═══ Exercise data

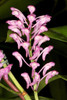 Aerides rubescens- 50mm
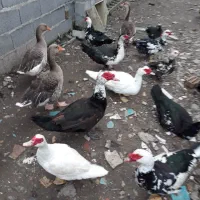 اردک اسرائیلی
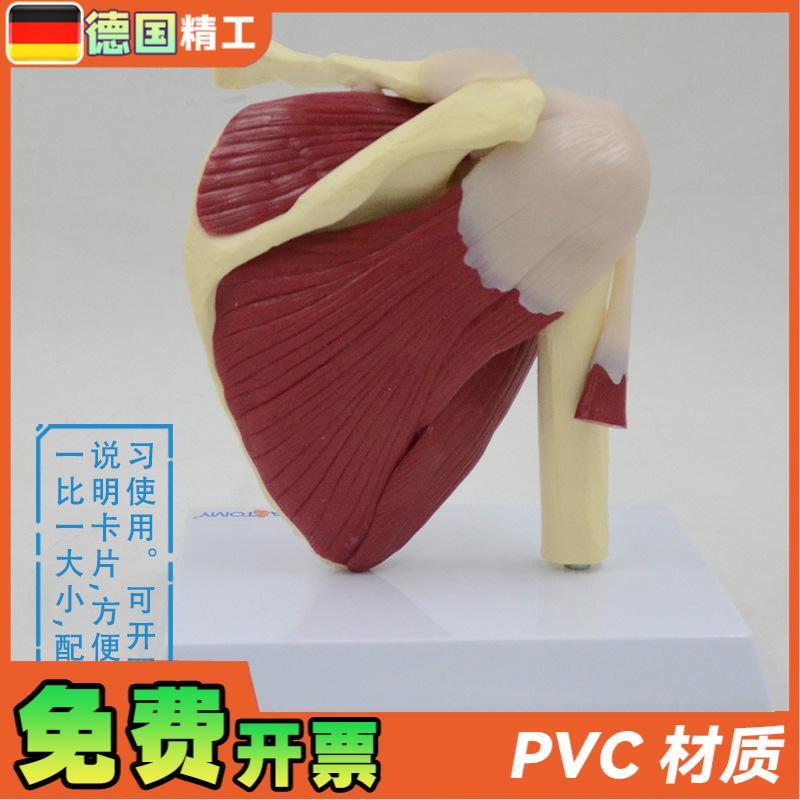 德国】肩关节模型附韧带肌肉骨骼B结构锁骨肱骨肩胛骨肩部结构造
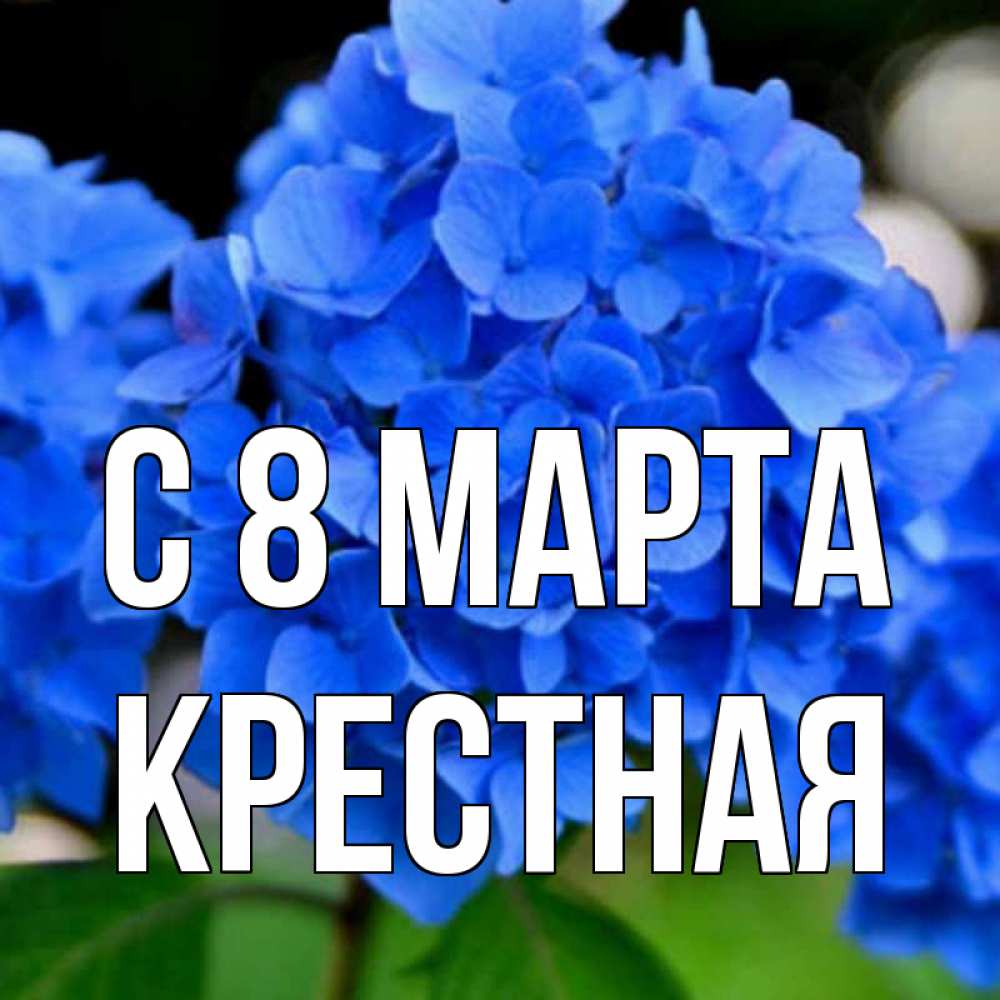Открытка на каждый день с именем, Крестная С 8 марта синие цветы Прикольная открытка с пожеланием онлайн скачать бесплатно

══════
═══ Exercise data

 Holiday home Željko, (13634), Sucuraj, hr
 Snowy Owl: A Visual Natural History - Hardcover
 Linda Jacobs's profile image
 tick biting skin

══════
═══ Exercise data

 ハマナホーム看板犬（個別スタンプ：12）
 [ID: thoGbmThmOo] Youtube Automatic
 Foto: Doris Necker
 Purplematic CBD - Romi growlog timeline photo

══════

Problem description - The copy should hold only the lines from the one with "Aerides rubescens- 50mm" through the one with "Открытка на каждый", exactly as they stand above. Leave out the pictures.

Exercise output -
 Aerides rubescens- 50mm
 اردک اسرائیلی
 德国】肩关节模型附韧带肌肉骨骼B结构锁骨肱骨肩胛骨肩部结构造
Открытка на каждый день с именем, Крестная С 8 марта синие цветы Прикольная открытка с пожеланием онлайн скачать бесплатно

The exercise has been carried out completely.